• _Exercise details_:
For this exercise, write out only the lines of the entries below from the one with "a8 d2: Opel" up to and including the one with "2026 Toyota bZ XLE Plus", exactly as they are. Pictures stay out.

• _Data extracts_:
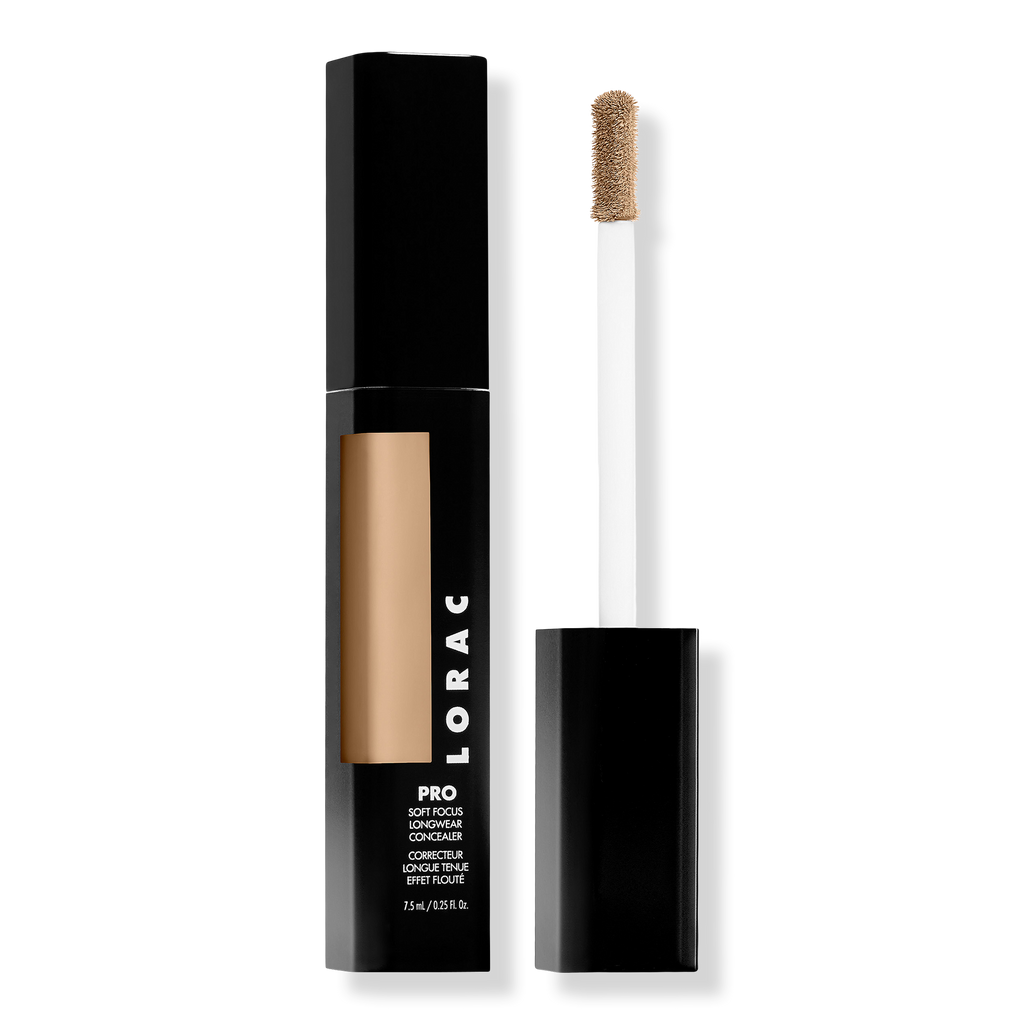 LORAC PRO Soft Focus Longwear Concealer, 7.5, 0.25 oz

---

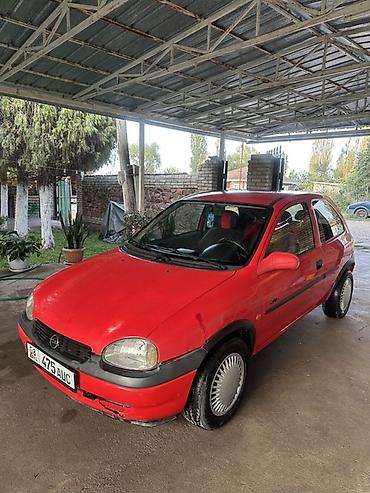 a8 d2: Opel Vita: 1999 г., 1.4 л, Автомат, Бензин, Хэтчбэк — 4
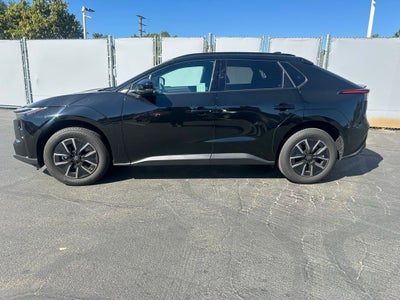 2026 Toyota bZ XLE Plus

• _Written solution_:
 a8 d2: Opel Vita: 1999 г., 1.4 л, Автомат, Бензин, Хэтчбэк — 4
 2026 Toyota bZ XLE Plus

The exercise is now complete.